Among consumers, social media is connecting people more and more, and you get the opportunity now to connect to people who got sick from the same place or from the same food that you did that you otherwise would have never connected to. Social media’s kind of making that happen, but maybe even more importantly, there’s more data-sharing among regulators. That’s because there’s new databases that the regulators maintain with the DNA fingerprints of pathogens.
How are all these factors aligning to affect food producers and retailers?
The advances in technology, the advances in data sharing or communication among regulators and consumers, and stronger regulatory scrutiny … those (are) three legs to the stool that these events are just getting solved more frequently than they used to. It used to be that things didn’t get solved. People would get sick and no one would be able to figure it out.
As these recalls become more frequent, there’s a public perception that food-related risks have gone up. Do you think our food supply is safer than it used to be?
I think it’s plenty safer. There’s a big piece of legislation that went through in 2011 called the Food Safety Modernization Act. … It was really the biggest overhaul of the regulatory scheme relating to food safety since the 1930s. … While there may be a (public) perception of more food recalls, I think it’s because these events are being solved more frequently. I think that’s a good thing because … contaminated food is getting out of the hands of the public.

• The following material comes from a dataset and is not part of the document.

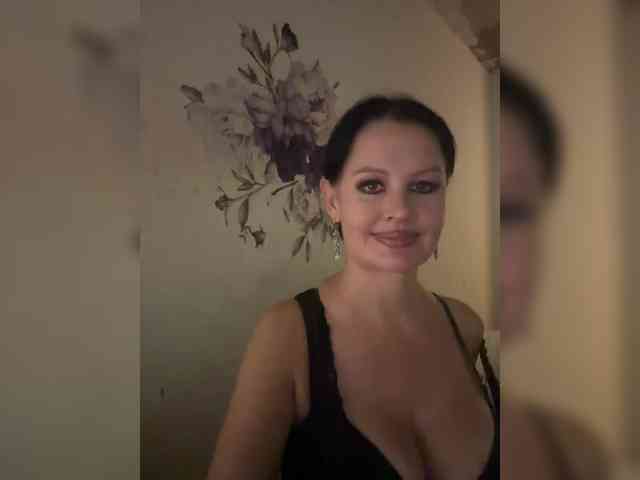 RoyalBreasts webcam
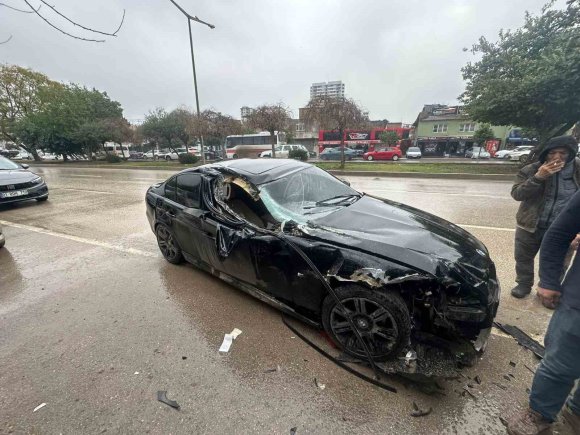 BMW İLE ÖLÜMDEN DÖNDÜ, MİLYONLUK OTOMOBİL HAVA YASTIĞI AÇMADI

How did the law change producers’ behaviors to focus on safety?
(The act) has driven food companies to focus a lot more time, energy, and money on their food safety efforts. That’s driven by this law, (and) it’s also driven by the big-box retailers like Walmart and Costco and Meijer, who require suppliers to do a lot more than they ever used to as it relates to food safety.
How are you helping some of your clients with better decision making?
When one of these (food recall) events happens, companies think about three things: the first thing they think about is how do we, from an operational standpoint, make sure that we’re able to conduct the recall effectively? If we’ve got a bad product in the marketplace, we want to make sure we know how to communicate it and go execute the recall and get the product off the shelves.
The second thing they need to be thinking about is finance. … How do we make sure that we can financially survive one of these events? And again that’s where I do most of my work.
The third prong is reputation. If one of these events happens, we have got to do things in a way that makes sure the brand isn’t destroyed. The biggest priority is protecting the public health, but those three things are what food companies need to be thinking about when one of these events happens.